The dynamics of the tumour span from time t=0 to
t=23; the subclone is undetectable before
t=14, and has sweeped through at the end of the
simulation.
MOBSTER fits
We capture the dynamics (fit and plot) with a snapshot function
snap.
snap = function(data, t, ...)
{
x = data[[t]]
x = x[x$VAF > 0.05,]
time_label = paste0('t_0 = ', x$d[1])
# Ellipsis to get what fits we want
f = mobster_fit(x, description = time_label, ...)$best
return(list(fit = f, plot = plot(f) + labs(title = time_label)))
}
# Initial clone (monoclonal)
initiation = snap(data = df.steps, t = 5, K = 1, samples = 1, parallel = FALSE)
#> [ MOBSTER fit ]
#>
#> ✔ Loaded input data, n = 2151.
#> ❯ n = 2151. Mixture with k = 1 Beta(s). Pareto tail: TRUE and FALSE. Output
#> clusters with π > 0.02 and n > 10.
#> ❯ Custom fit by Moments-matching in up to 250 steps, with ε = 1e-10 and peaks
#> initialisation.
#> ❯ Scoring (without parallel) 1 x 1 x 2 = 2 models by reICL.
#> ℹ MOBSTER fits completed in 641ms.
#> ── [ MOBSTER ] t_0 = 3 n = 2151 with k = 1 Beta(s) and a tail ──────────────────
#> ● Clusters: π = 56% [Tail] and 44% [C1], with π > 0.
#> ● Tail [n = 1156, 56%] with alpha = 1.2.
#> ● Beta C1 [n = 995, 44%] with mean = 0.5.
#> ℹ Score(s): NLL = -1885.56; ICL = -3543.5 (-3725.09), H = 181.58 (0). Fit
#> converged by MM in 23 steps.
# Ongoing subclonal expansion (polyclonal)
selection = snap(data = df.steps, t = 34, K = 2, samples = 1, parallel = FALSE)
#> [ MOBSTER fit ]
#>
#> ✔ Loaded input data, n = 3449.
#> ❯ n = 3449. Mixture with k = 2 Beta(s). Pareto tail: TRUE and FALSE. Output
#> clusters with π > 0.02 and n > 10.
#> ❯ Custom fit by Moments-matching in up to 250 steps, with ε = 1e-10 and peaks
#> initialisation.
#> ❯ Scoring (without parallel) 1 x 1 x 2 = 2 models by reICL.
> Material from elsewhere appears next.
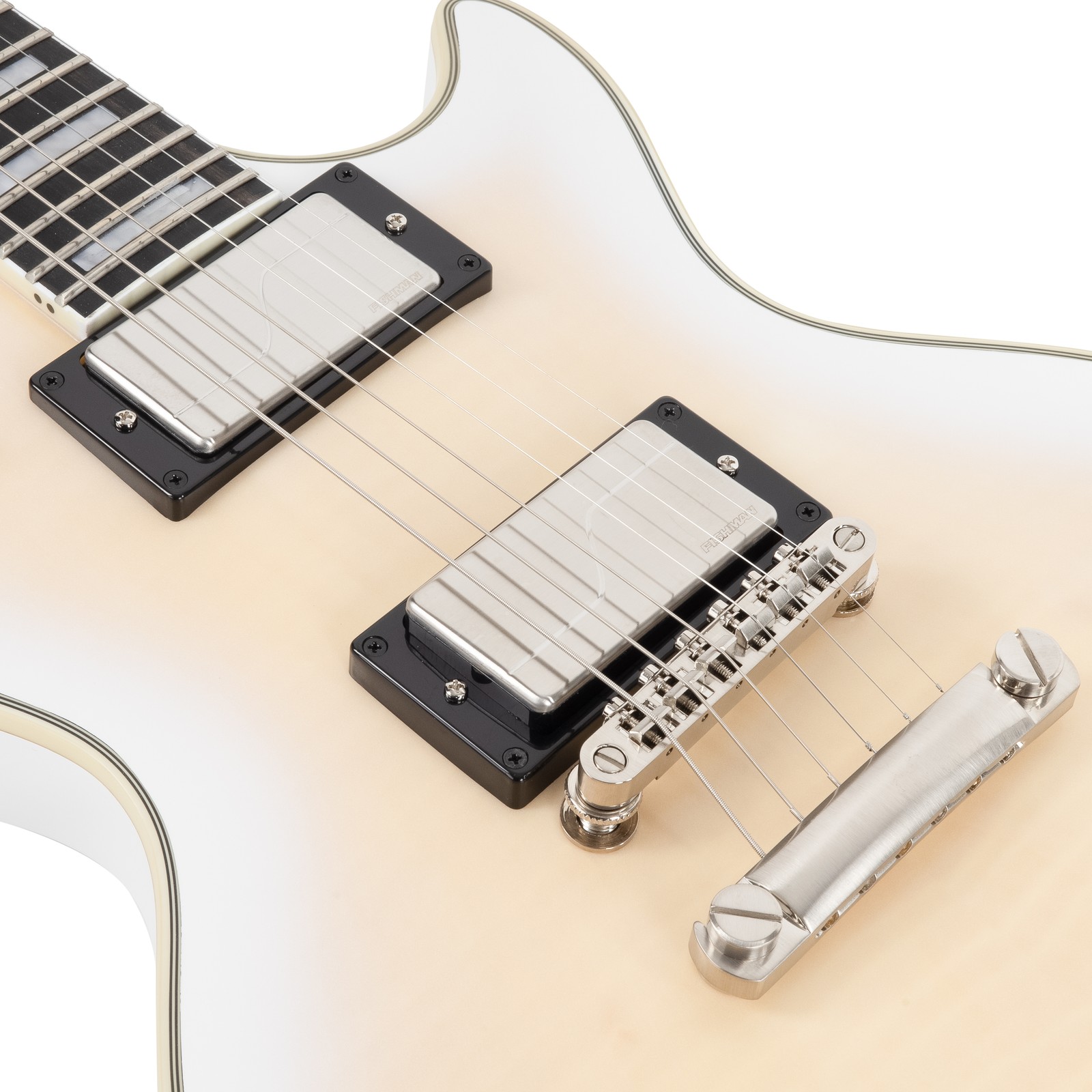 Used Epiphone Les Paul Prophecy – Aged White Tiger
#> ℹ MOBSTER fits completed in 13.8s.
#> ── [ MOBSTER ] t_0 = 17.5 n = 3449 with k = 2 Beta(s) and a tail ───────────────
#> ● Clusters: π = 49% [C2], 26% [Tail], and 25% [C1], with π > 0.
#> ● Tail [n = 805, 26%] with alpha = 1.2.
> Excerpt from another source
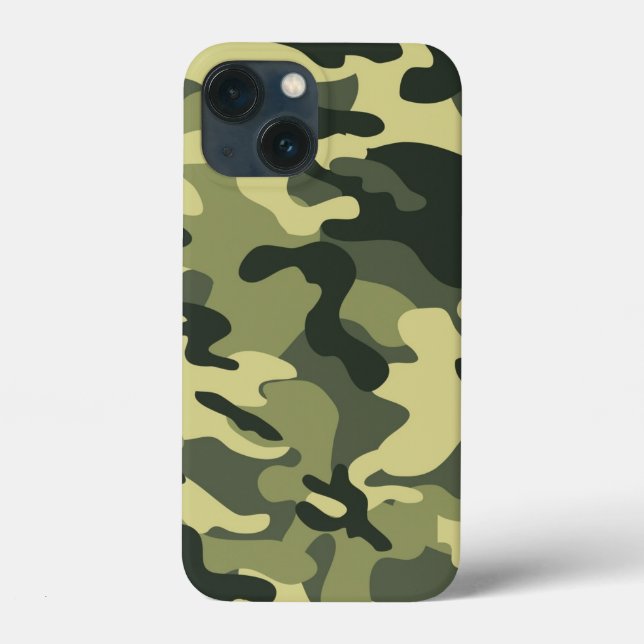 Grönt Camo (Baksida)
#> ● Beta C1 [n = 967, 25%] with mean = 0.51.
#> ● Beta C2 [n = 1677, 49%] with mean = 0.33.
#> ℹ Score(s): NLL = -2141.74; ICL = -3177.42 (-3783.36), H = 1032.76 (426.82).
#> Fit interrupted by MM in 250 steps.
# Sweeped clone (monoclonal)
sweep = snap(data = df.steps, t = length(df.steps), K = 1, samples = 1, parallel = FALSE)
#> [ MOBSTER fit ]
#>
#> ✔ Loaded input data, n = 4001.
#> ❯ n = 4001. Mixture with k = 1 Beta(s). Pareto tail: TRUE and FALSE. Output
#> clusters with π > 0.02 and n > 10.
#> ❯ Custom fit by Moments-matching in up to 250 steps, with ε = 1e-10 and peaks
#> initialisation.
#> ❯ Scoring (without parallel) 1 x 1 x 2 = 2 models by reICL.
#> ℹ MOBSTER fits completed in 1.4s.
#> ── [ MOBSTER ] t_0 = 23 n = 4001 with k = 1 Beta(s) and a tail ─────────────────
#> ● Clusters: π = 60% [C1] and 40% [Tail], with π > 0.
#> ● Tail [n = 1530, 40%] with alpha = 1.1.
#> ● Beta C1 [n = 2471, 60%] with mean = 0.49.
#> ℹ Score(s): NLL = -3417.33; ICL = -6427.2 (-6784.89), H = 357.69 (0). Fit
#> converged by MM in 28 steps.
cowplot::plot_grid(initiation$plot, selection$plot, sweep$plot, nrow = 1)
Notice that the tail at the end of the simulation is now mostly dominated by the progeny of the most recent clone, and the amount of mutations in the tail and the clonal cluster is balanced as in the beginning of the simulation. This because in this simulation the mutation rate of the tumour is the same across all simulated clones.